I read this with tears. You and I are privileged and anointed to carry forward this same and ancient worship each week — hearing, teaching, praying, giving, singing and taking communion together with local saints each Sunday. We stand on faithful and humble and precious shoulders — Justin Martyr himself was beheaded by Rome a decade or so later for his bold proclamation of the gospel — and we must not take the coming together in the name of our Lord with ease or indifference.

I also read this with joy — encouraged deeply by these pioneer-followers of Jesus who often lived under threat of torment and death — as I picture them rising together to “send up prayers” and “sing out their assent, saying the ‘Amen’.”

About a hundred years before this, the Apostle Paul wrote to the Colossians regarding their worship, saying they should teach and admonish one another and sing psalms and hymns and spiritual songs, with thankfulness in your hearts to God (Colossians 3:16).

The Church through the ages has sung prayers and praises in Psalms and other hymns to glorify and give thanks to the Lord (many scholars believe Colossians 1:15-20 to be one of these hymns). Worship is for God.
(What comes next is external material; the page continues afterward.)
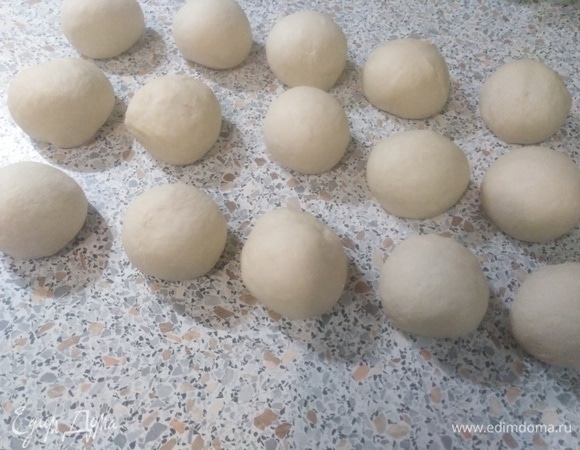 Из теста сформировать заготовки размером с куриное яйцо. Накрыть полотенцем, оставить на 10 минут.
But we can’t lose sight of the main purpose of Paul’s letter to the Colossians: to combat false teaching that threatens to draw followers away from the truth of Christ. His instructions in this book, in both doctrine and practice, are meant to provide practical guidance toward that goal.

So in this context, and in the context of the church from the first days onward, worship is for us, too. Singing together is not only worship, but a tool to keep our feet on the narrow way. Songs and hymns and spiritual songs are meant as care for the Church as well as praise to Godsung to teach and admonish each other and remind us of the grace of gospel and the goodness of our Lord.

Worship is holding the hands of other believers — those beside us and those gone before us — in unity, encouragement, agreement. It is another way to let the word of God dwell richly in us as a community, raising a weapon against a world that tears us from the truth. It is rising “together to send up our prayers” — singing out our “assent and saying the ‘Amen’.”

It is telling one another hold on — I believe — I agree — and I will keep faith for you right now if you cannot.


This one’s for the band and production teams at Grace, who serve me in this way more often and more powerfully than they can imagine.